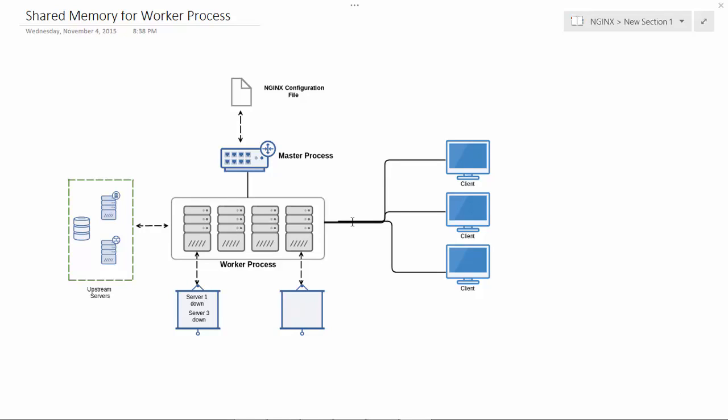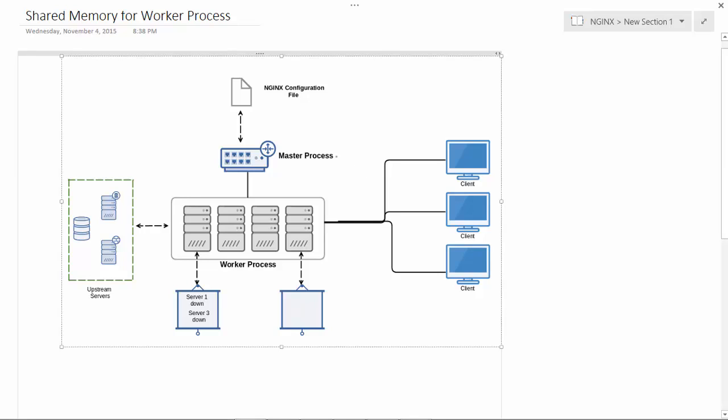Hi and welcome back to the knowledge portal video series. In the last few videos we were talking about passive health monitoring as well as the difference between active and passive health checks. In this module we will be talking in detail about active health monitoring as well as shared memory for worker processes. We have already discussed the basic nginx architecture, so I assume you already know what worker and master processes are used for.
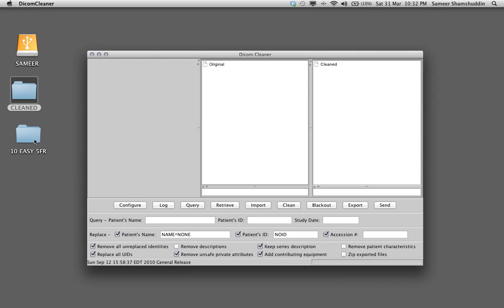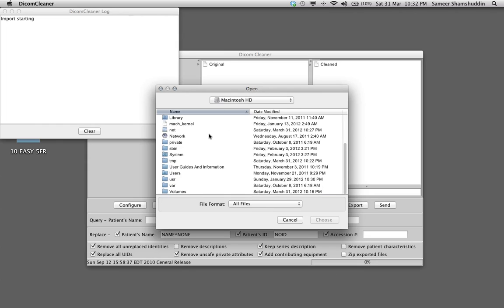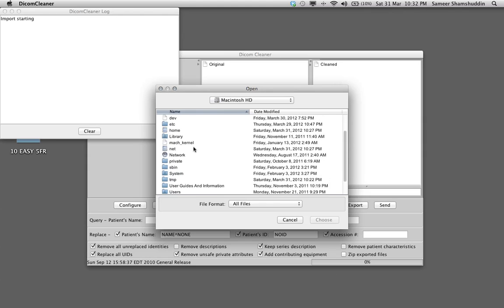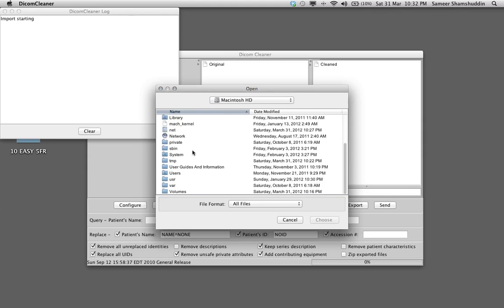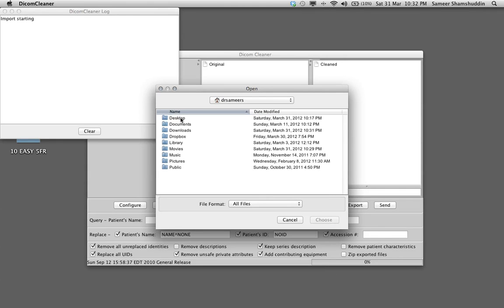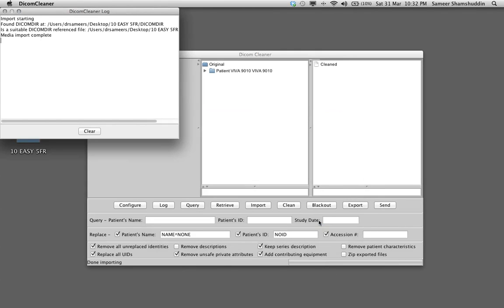So how can we clean this folder? On the DICOM Cleaner here if you click import that will pop up a window asking which case to import. If you scroll through this one click on desktop which will be under users, that's my name, desktop, 10EZ5FR and choose this file.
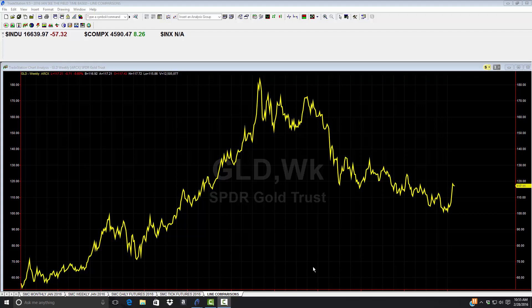Good morning, everyone. This is Bag of Don at StockMarketCaddy.com. It's February 28th at 11 a.m. I hope to make a five to ten minute video, ultimately taking a hard look at the S&P 500.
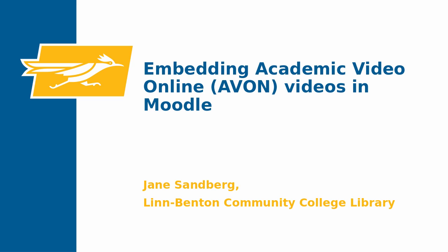Hi, my name is Jane Sandberg and I'm a librarian here at LBCC. Today I want to show you how to embed a streaming video from Academic Video Online, also known as AVON, in a Moodle course. There are two ways that you can do this. I'll start with a simple version which shares the whole video.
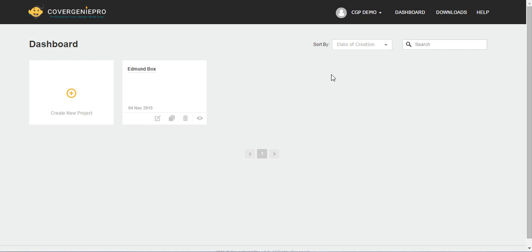Hi and welcome to Cover Genie Pro, professional cover design made easy. The great thing about Cover Genie Pro is that it is designed to be a delicate balance between simplicity and yet having the powerful features of Photoshop.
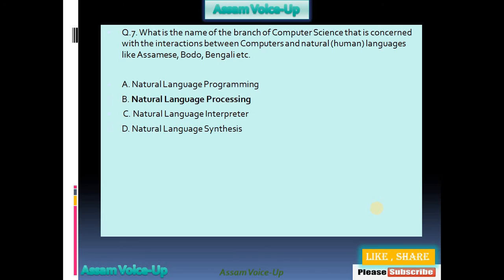Seventh question: Which is the name of the branch of Computer Science that is concerned with the interactions between computers and natural human languages like Assamese, Bodo, Bengali, etc.? Options available: Natural Language Programming, Natural Language Processing, Natural Language Interlocutor, Natural Language Synthesis. The correct one is option B — Natural Language Processing.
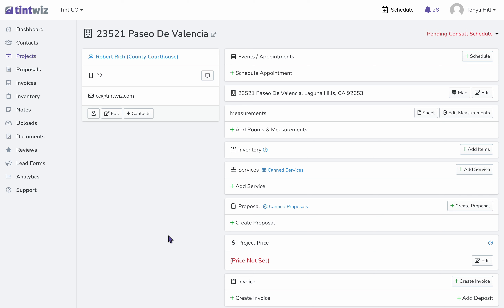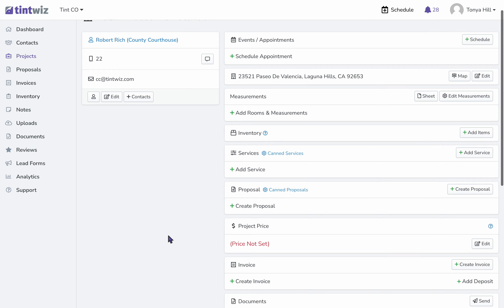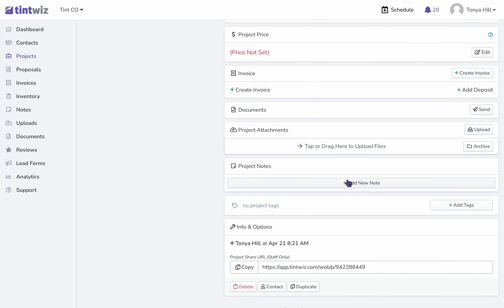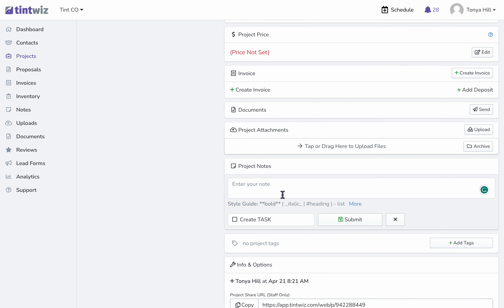In this video, let's go over how to create a pending task. From the Project Overview page, we can scroll down to Add New Notes. We can leave whatever note we'd like for our coworker. Create Task.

──────────────────────────────

» What to produce: Reproduce each entry precisely; the pictures stay out.

» Task answer:
Hi and welcome back to the knowledge portal video series. In the last few videos we were talking about passive health monitoring as well as the difference between active and passive health checks. In this module we will be talking in detail about active health monitoring as well as shared memory for worker processes. We have already discussed the basic nginx architecture, so I assume you already know what worker and master processes are used for.
So how can we clean this folder? On the DICOM Cleaner here if you click import that will pop up a window asking which case to import. If you scroll through this one click on desktop which will be under users, that's my name, desktop, 10EZ5FR and choose this file.
Good morning, everyone. This is Bag of Don at StockMarketCaddy.com. It's February 28th at 11 a.m. I hope to make a five to ten minute video, ultimately taking a hard look at the S&P 500.
Hi, my name is Jane Sandberg and I'm a librarian here at LBCC. Today I want to show you how to embed a streaming video from Academic Video Online, also known as AVON, in a Moodle course. There are two ways that you can do this. I'll start with a simple version which shares the whole video.
Hi and welcome to Cover Genie Pro, professional cover design made easy. The great thing about Cover Genie Pro is that it is designed to be a delicate balance between simplicity and yet having the powerful features of Photoshop.
Seventh question: Which is the name of the branch of Computer Science that is concerned with the interactions between computers and natural human languages like Assamese, Bodo, Bengali, etc.? Options available: Natural Language Programming, Natural Language Processing, Natural Language Interlocutor, Natural Language Synthesis. The correct one is option B — Natural Language Processing.
In this video, let's go over how to create a pending task. From the Project Overview page, we can scroll down to Add New Notes. We can leave whatever note we'd like for our coworker. Create Task.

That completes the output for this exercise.